Then I thought, maybe the command is being executed too quickly, before the terminal is ready, so I tried adding &&:
gnome-terminal --title "virtual_3: server" -x bash -c "ssh root#192.168.1.132 &&; echo 1" &
But that gave no result either.
First of all, if you run
gnome-terminal -x bash -c "cmd1; cmd2"
you get bash to execute cmd1 and cmd2. It doesn't first execute cmd1 and then give cmd2 to its result. ssh is a program run in the terminal and your cmd2 won't be executed until that is finished.
So you need to run ssh and tell that to execute your command.
You can do so by:
ssh user#address "command_to_execute"
However, ssh exits after the command is finished. As you can see in "With ssh, how can you run a command on the remote machine without exiting?", you can execute ssh with the -t option so it doesn't quit:
ssh -t user#address "command_to_execute"
So your command in the end becomes:
gnome-terminal --title "virtual_3: server" -x bash -c "ssh -t root#192.168.1.132 'echo 1'"
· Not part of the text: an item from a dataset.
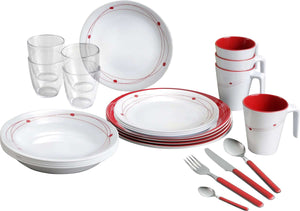 Set stoviglie da campeggio Brunner All Inclusive Cosmic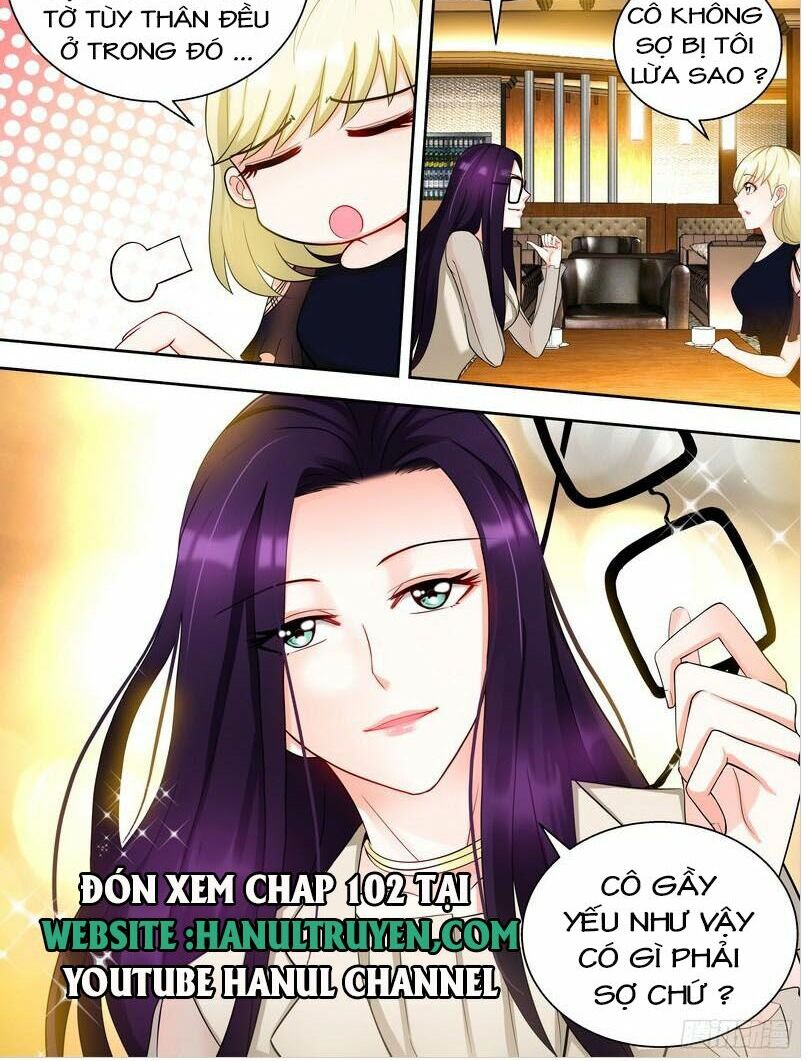 Boss Hung Mãnh Cô Bé Ngây Thơ Đừng Hòng Trốn: Chapter 100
You are right, giving -t alone is not enough (although necessary). -t allocates buffer for the tty but doesn't execute bash for you. From the manual of ssh:
-t Force pseudo-tty allocation. This can be used to execute arbitrary screen-based programs on a remote machine, which can be very useful, e.g. when implementing menu services. Multiple -t options force tty allocation, even if ssh has no local tty.
If command is specified, it is executed on the remote host instead of a login shell.
So what you need is, to execute bash your self. Therefore:
ssh -t user#address "command_to_execute; bash"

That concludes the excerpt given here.